In some significant respects, Chopin’s development as a composer, and the steady refinement of his musical language, are inseparable from the increasing expressive power that the steady advancement in piano technology offered him through his career. Together with the mazurkas, the other miniature form that he made his own, the nocturnes provide a musical chronology of that development.
For his survey of the complete nocturnes, the French pianist Alain Planès has chosen to use a piano that dates back to the mid point of that development, an instrument made in Paris in 1836 by Chopin’s favourite piano maker, the Pleyel company.
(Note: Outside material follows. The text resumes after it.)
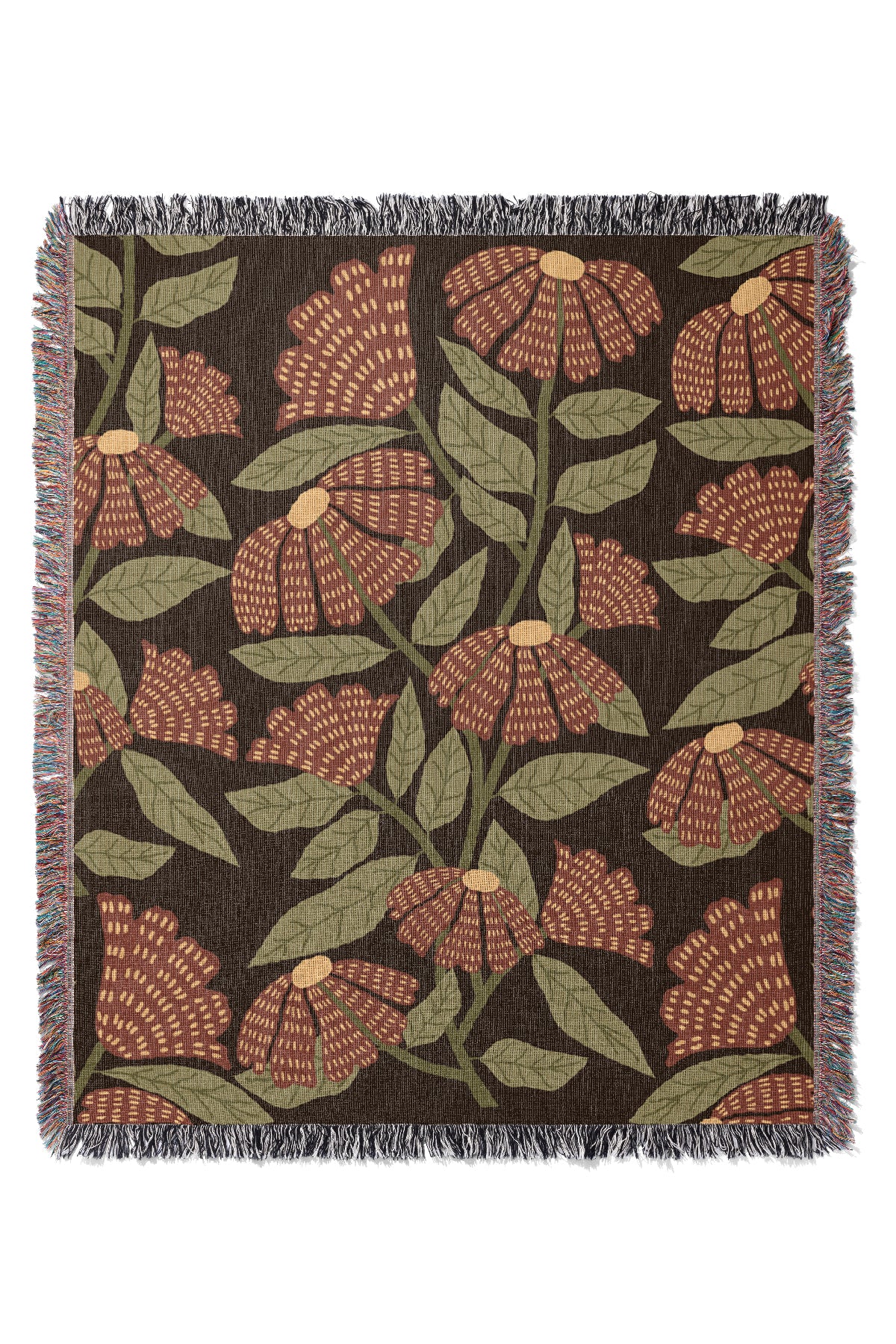 Florals Jacquard Woven Blanket (Black) | Harper & Blake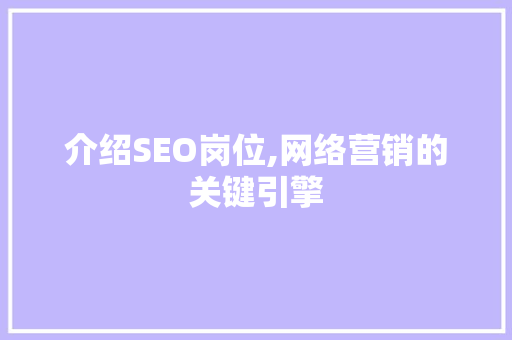介绍SEO岗位,网络营销的关键引擎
It’s by no means the first time that his works have been recorded on instruments of that time – 30 years ago, Cyril Huvé made a revelatory recording of the scherzos and ballades on two historical pianos, an 1828 Pleyel and an Érard from 1838 that Chopin almost certainly played, while Planès himself has previously recorded a Chopin recital disc, including a couple of the nocturnes, on the Pleyel that he uses here.
It’s certainly a superb-sounding instrument, with a wonderful balance between the registers, without any hint of hollowness in the treble, and no overpowering snarl from the bass. There is always something special about hearing Chopin’s music on the kind of piano for which it was conceived, but there’s the sense in these performances that Planès could have used a wider range of tone colour and expression than he allows himself. There’s a reined-in stiffness about his playing that is most effective in the more straightforward nocturnes; in those that are more harmonically adventurous or melodically more elaborate, one longs for something more imaginative, less prosaic.
This week’s other pick
There’s a second Chopin release this month from Harmonia Mundi, a much more conventional recital programme from the Spanish pianist Javier Perianes, which is dominated by the second and third piano sonatas and framed by the three mazurkas Op 63. It’s hard to think of many works in the piano repertory where the competition on disc is more intense than in the two sonatas, and though Perianes’s performances are fluent enough and always thoughtful, they don’t come close to challenging the finest already available.